Al-Ahram Hebdo : Le gouvernement vient d’approuver une nouvelle loi antiterroriste. Comment la voyez-vous ?
Nour Farahat : Cette nouvelle loi apparaît comme une compilation des amendements du code pénal instaurés pendant l’ère Moubarak et de certaines dispositions de la loi d’urgence avec une expansion des pouvoirs extraordinaires. L’article 54 donne au président de la République tous les pouvoirs dans la loi d’urgence, sans déclarer l’état d’urgence. C’est un contournement clair et une violation de la Constitution. Une lecture attentive du projet de loi révèle la prédominance de la vision sécuritaire. C’est en fait le problème de notre exécutif et des appareils de sécurité, à chaque fois qu’ils font face à un défi, ils mettent en cause la loi existante et proposent alors une nouvelle législation.

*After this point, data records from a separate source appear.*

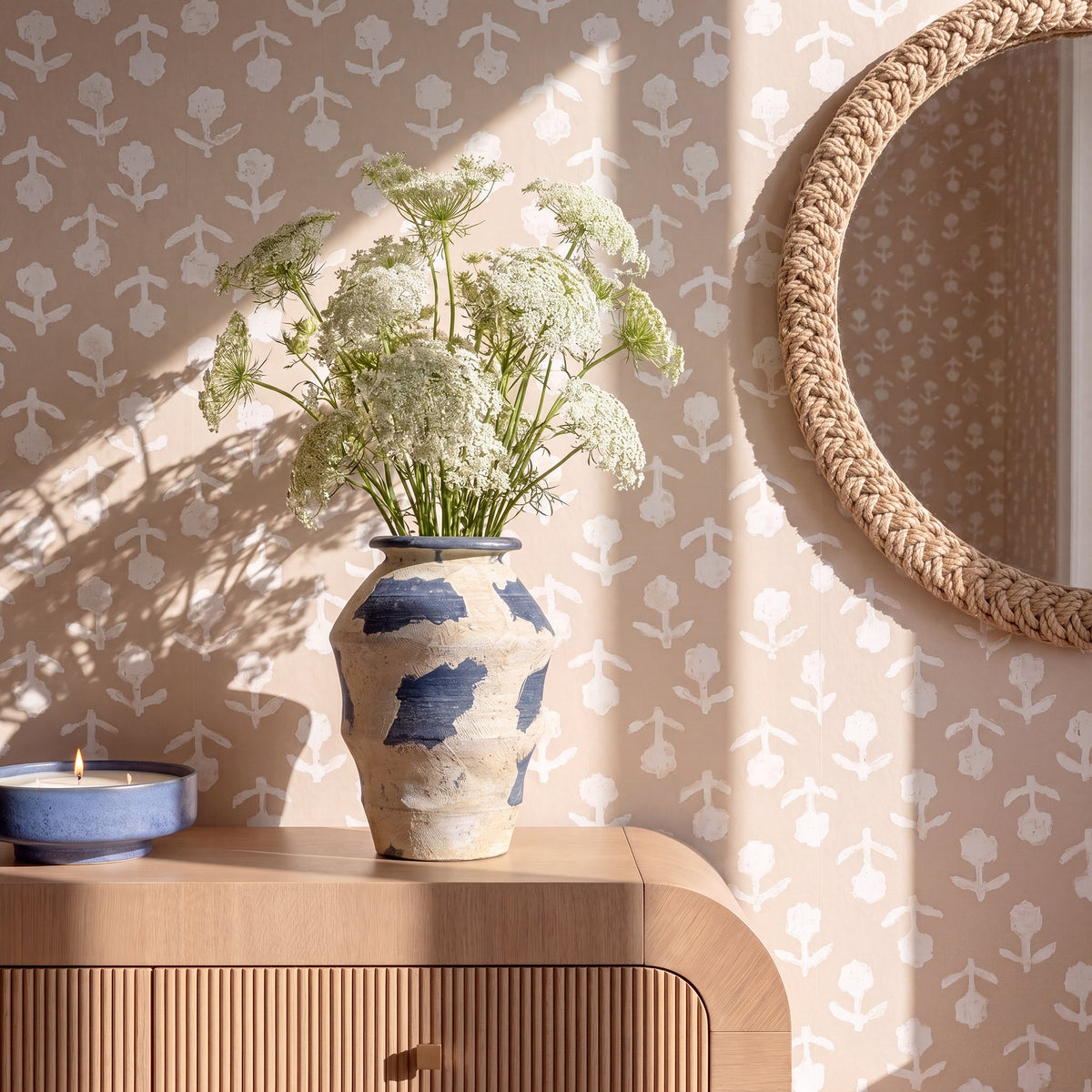Visha Cream and Blue Terracotta Vase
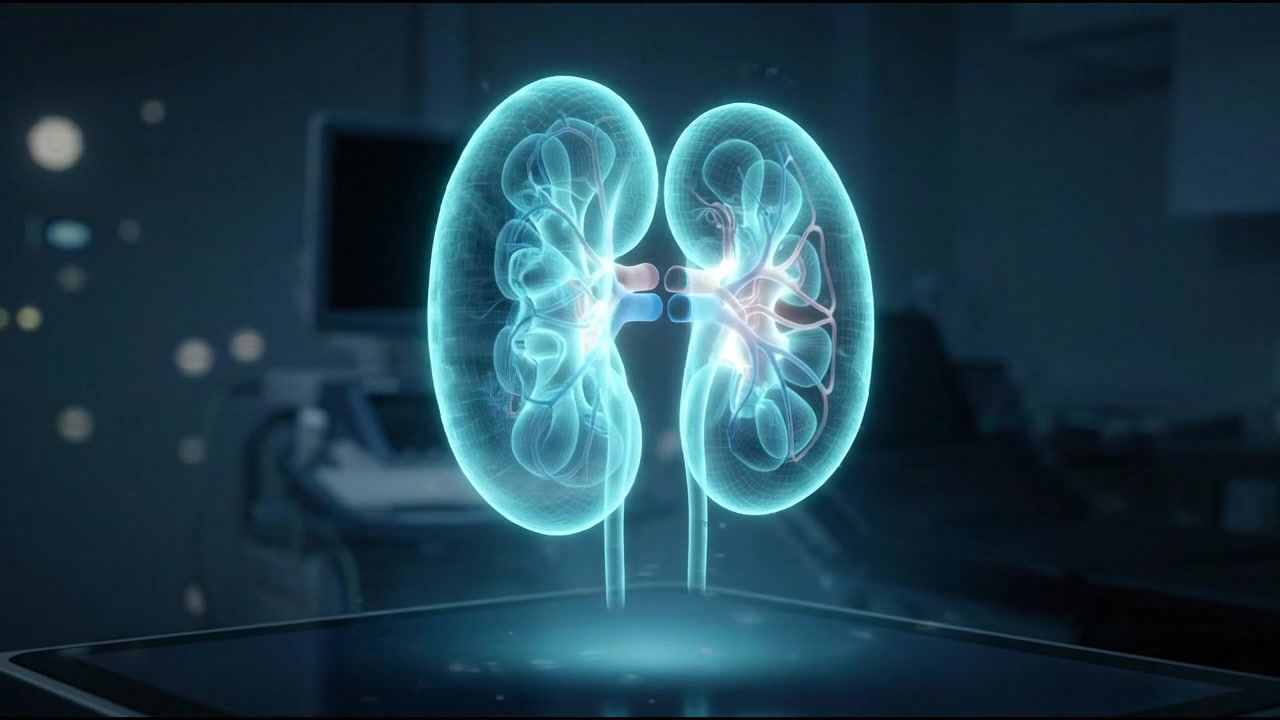 Digital wireframe 3D human kidneys scan with futuristic HUD interface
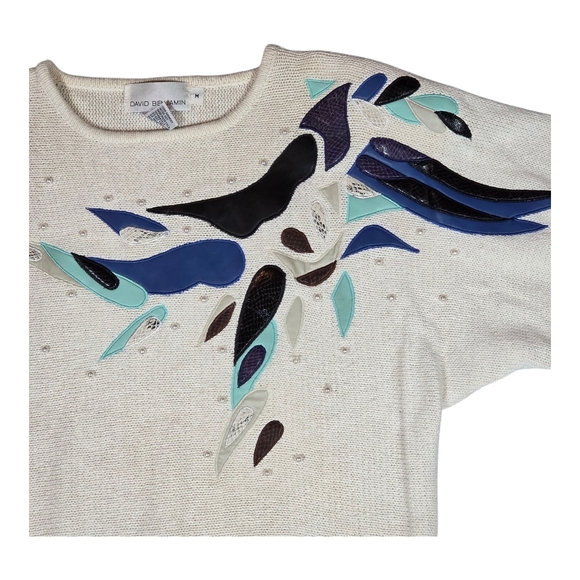 VINTAGE DAVID BENJAMIN 80s Appliqué Sweater | M | Cream Abstract | Beaded Artsy - Picture 3 of 11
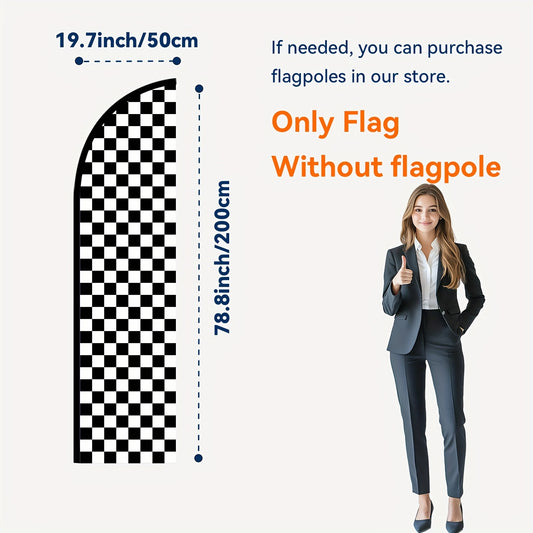 1pc Chic Black & White Checkered Feather Flag - Durable Polyester Outdoor Banner for Advertising & Decoration, Pole-Mounted Design (Flag Only)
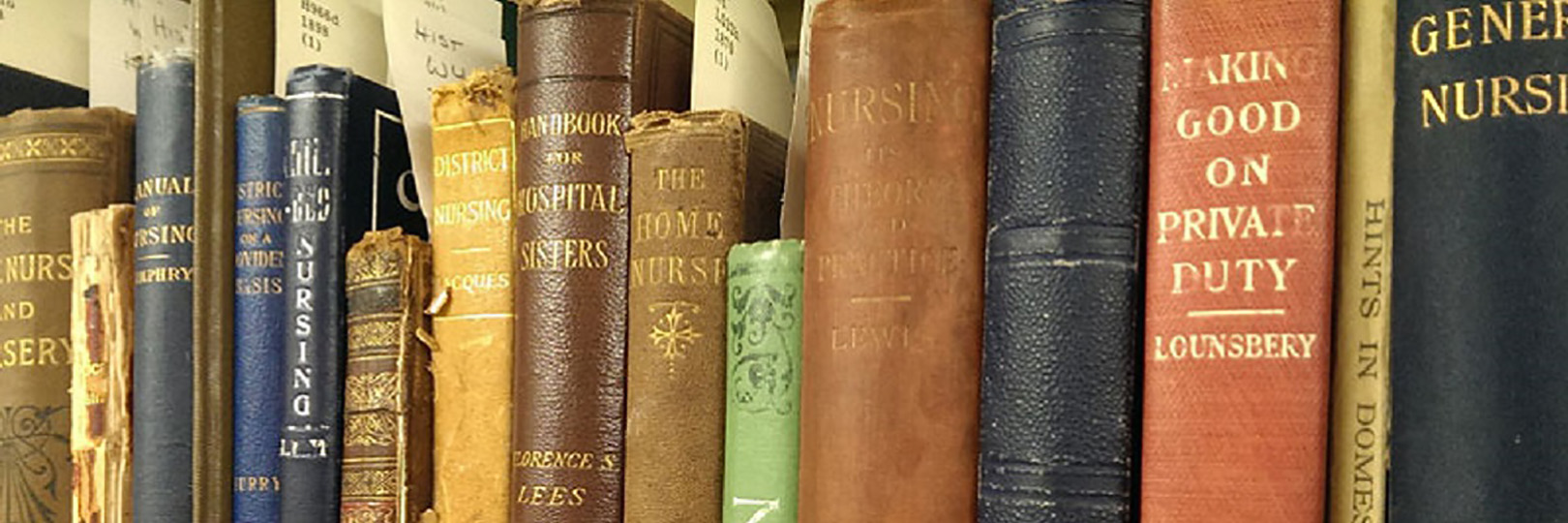 row of old nursing books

— Mais ce sont les journalistes qui sont visés par cette loi ...
— Cela a toujours été le cas. Sous Moubarak, le gouvernement avait élaboré un article qui permet l’emprisonnement des journalistes dans les « délits de presse », soit tout ce qui porte atteinte à la réputation, à l’honneur ou à la situation financière d’une personne. La colère des journalistes à l’époque avait poussé Moubarak à appeler Galal Aref, alors chef du syndicat, pour lui promettre d’annuler le texte. Mais finalement, seule la phrase liée à la situation financière, qui de facto empêchait les journalistes de traiter les sujets de corruption, a été supprimée. C’est pourquoi je mets les journalistes en garde contre un piège monté par le gouvernement.
— Que voulez-vous dire ?
— Le gouvernement, pour apaiser la colère des journalistes, peut annuler l’emprisonnement prévu dans l’article 33 et le remplacer par une amende. Mais tout en maintenant les autres articles qui sont catastrophiques avec des pouvoirs étendus et des formulations vagues. La loi, à titre d’exemple, permet dans son article 33 à tout policier d’arrêter n’importe quelle personne et de la placer en détention illimitée. C’est une loi qui légalise l’instauration d’un Etat policier .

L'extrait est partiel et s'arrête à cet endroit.